Dilerseniz eşi Türkiye’yi AİHM’ye şikayet etmiş olan Bay Gül’ün nasıl bir insan olduğunu biraz anımsayalım:
“İslama aykırı kanun kalkacak... Türkiye’de geçerli kanunlar arasında, İslama aykırı olanlar da var, olmayanlar da . Aykırı olanlar baskıdır. Baskı kalkacak. Bu hakkı kullanacağım. Halka bu imkanı vereceğim... Düzen Türkiye’de İslam’ı caminin içine hapsetti. Biz, İslam’ı hayat tarzı olarak görmek istiyoruz...” (Annem Batıya Gidin Dedi, Abdullah Gül’le röportaj S.145, Nilgün Cerrahoğlu)
"Moral değerleri açısından Türkiye'nin bütünlüğünü tehdit eden ve en ziyade tahribatı vermiş olan, laiklik ilkesidir… İkinci Cumhuriyet ve Yeni Osmanlılık kavramlarını çok sağlıklı buluyorum ve geleceğe umutla bakıyorum… Türkiye Cumhuriyeti'nin sonu geldi, kesinlikle laik sistemi değiştireceğiz… 8 yıllık kesintisiz, zorunlu temel eğitim, reform değil, eğitime darbe, basın destekli sivil asker bürokrasisi ve sol partilerin dayatması..." (22.11.07 Oktay Akbal)
“7 yıllık cumhurbaşkanlığı boyunca AKP’den gelen, Anayasa’ya aykırı yasaları bile gözü kapalı imzalamış bir kişi nasıl olup da Tayyip Erdoğan’ın karşısına çıkıp onunla aşık atacak? Erdoğan onu pestil gibi ezmez mi? Görevi bittikten sonra hakkı olmadığı halde ailesi ve korumalarıyla Huber Köşkü’nde aylarca oturan ve masrafını halka ödeten biri Abdullah Gül... Emrinde hâlâ 17 araç ve 40 personel bulunduğunu geçenlerde koruma müdürü açıklamıştı. Devleti böyle savurgan bir zihniyete mi teslim edeceksiniz? (24.4.2018 Melih Aşık)

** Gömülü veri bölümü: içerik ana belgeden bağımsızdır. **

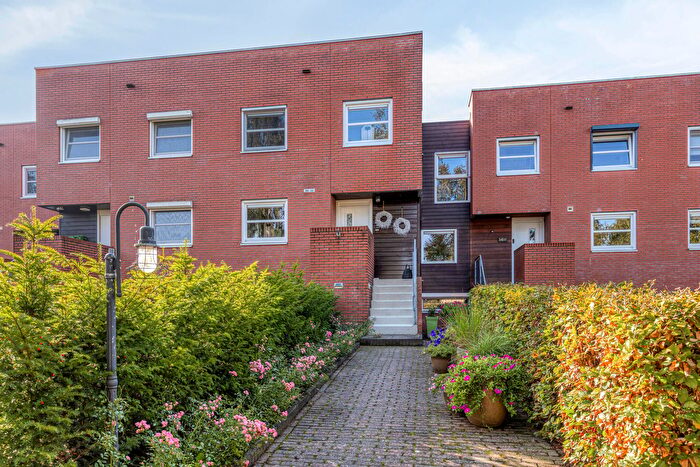 9-kamerhuis te koop in Zutphen – De Bosrand, Eme en Broek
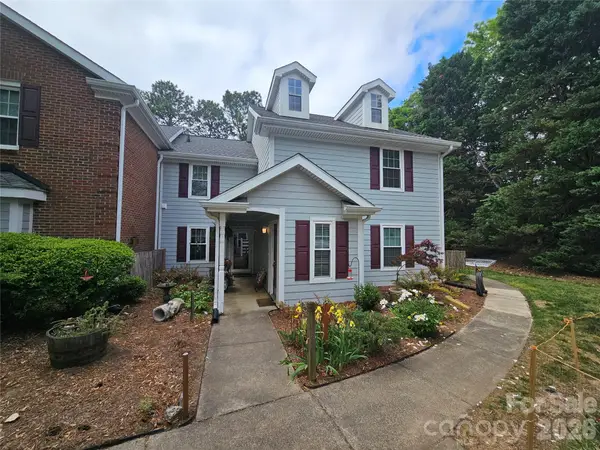 9232 Kings Canyon Drive, Charlotte, NC 28210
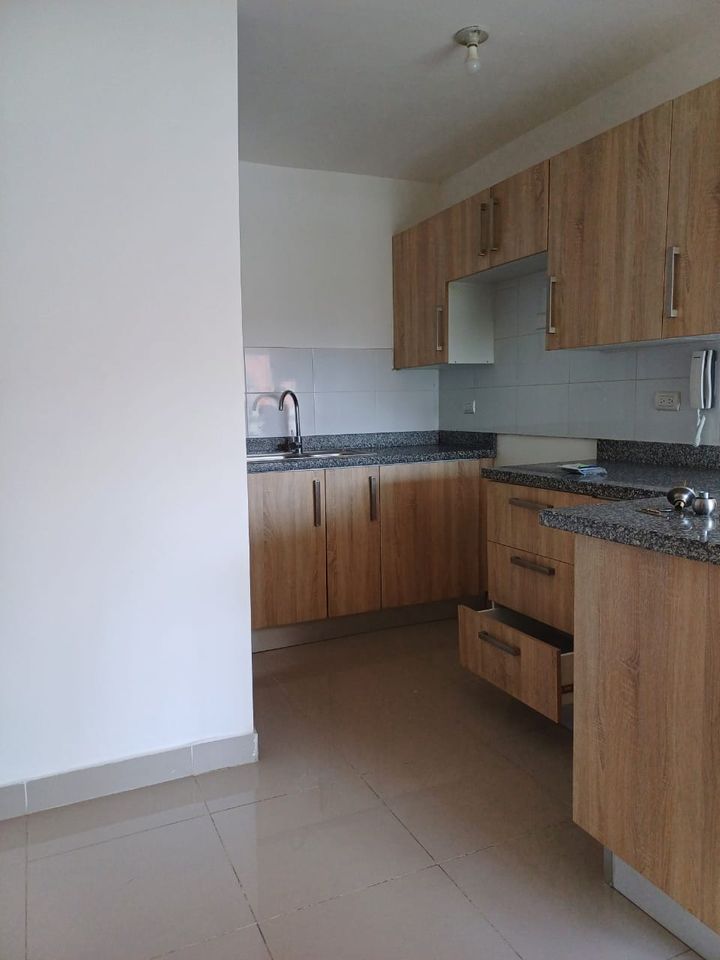 Apartamentos en Venta Isabelita I, Santo Domingo Este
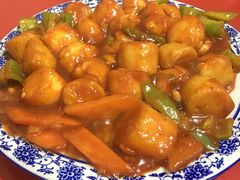 -夕阳红小吃(中街大悦城店)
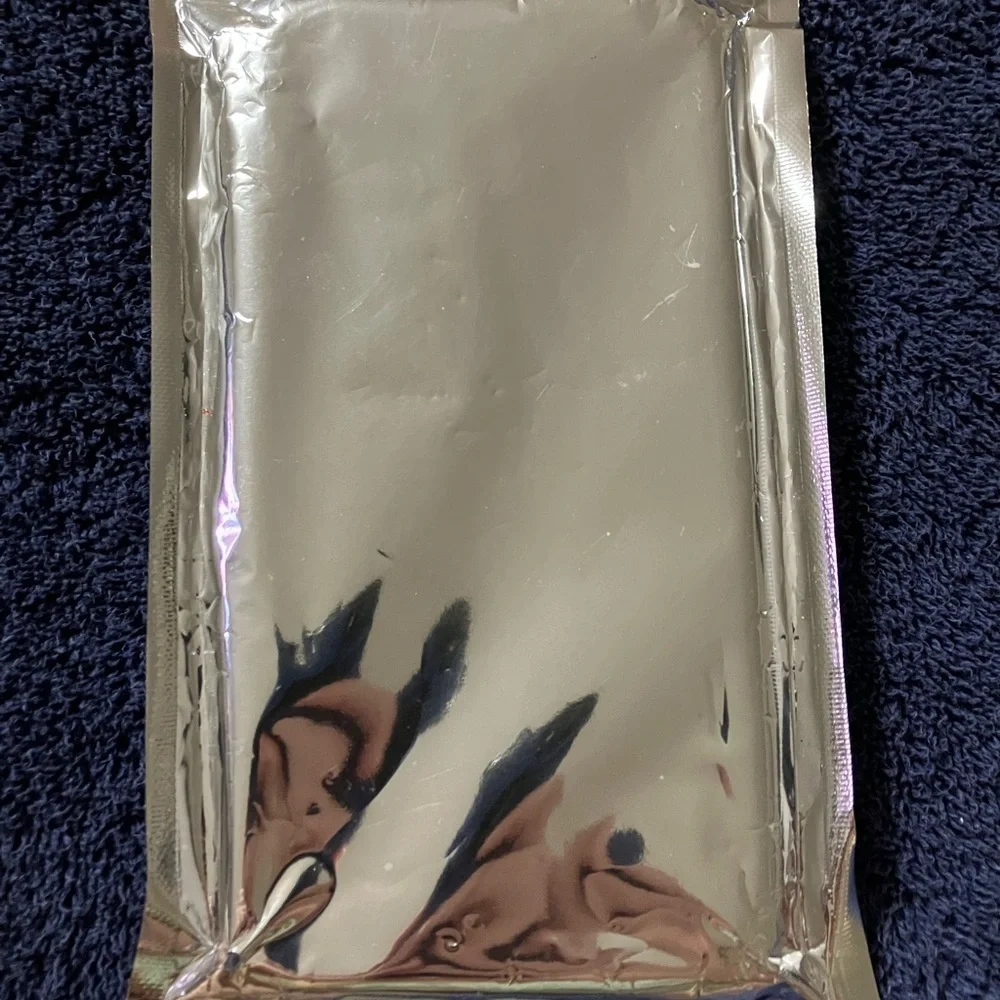 Orange Phone Case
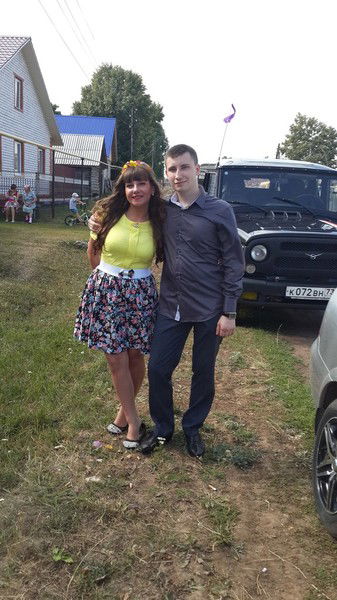 Станислав Гаврилов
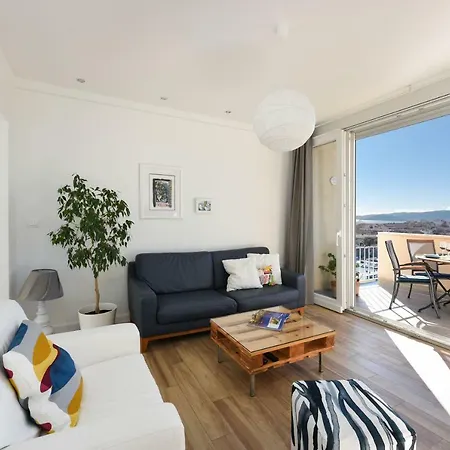 Penthouse Dolcevita * Задар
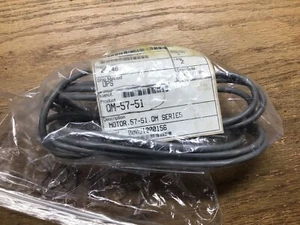 NEW Parker QM-57-51 Compumotor Stepper Motor  QM5751 - Picture 1 of 2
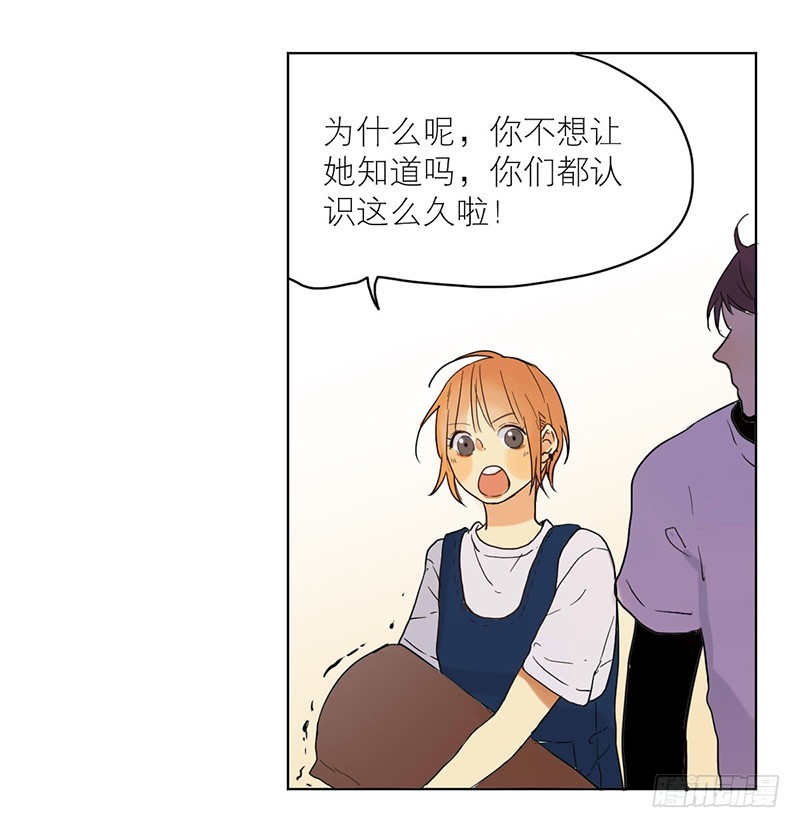 装作没事发生-第59话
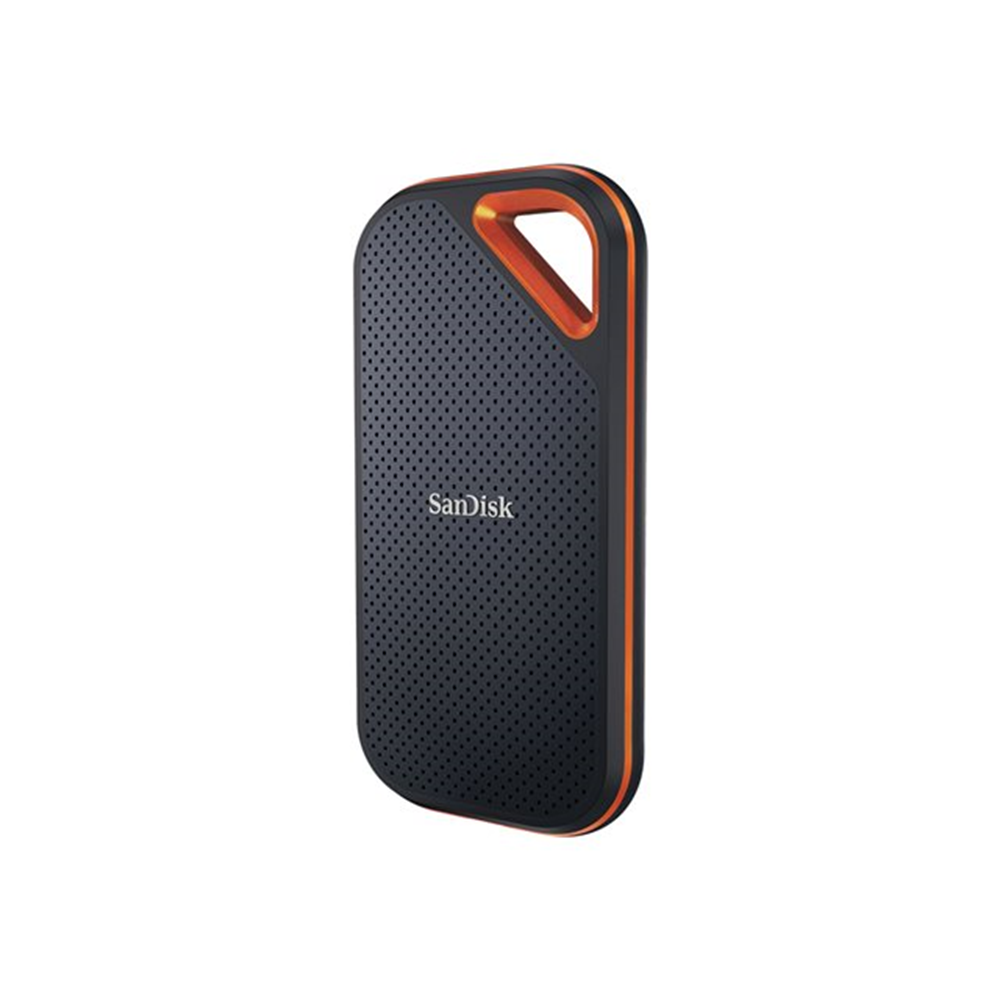 SanDisk Extreme Pro Portable SSD 2000MB/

Ben Abdullah Gül’ün adaylığıyla ilgili hiçbir yorum yapmıyorum. Yalnızca Ekmelettin’e oy vermek için İstanbul’dan kalkıp Didim’e geldiğimi anımsatıyor ve bir Çin atasözü sunuyorum:
“Beni bir kez kandırdıysan sana yazıklar olsun; iki kez kandırdıysan bana yazıklar olsun”
Siz benim tıpış tıpış gidip bay Gül’e oy vereceğimi mi sanıyorsunuz?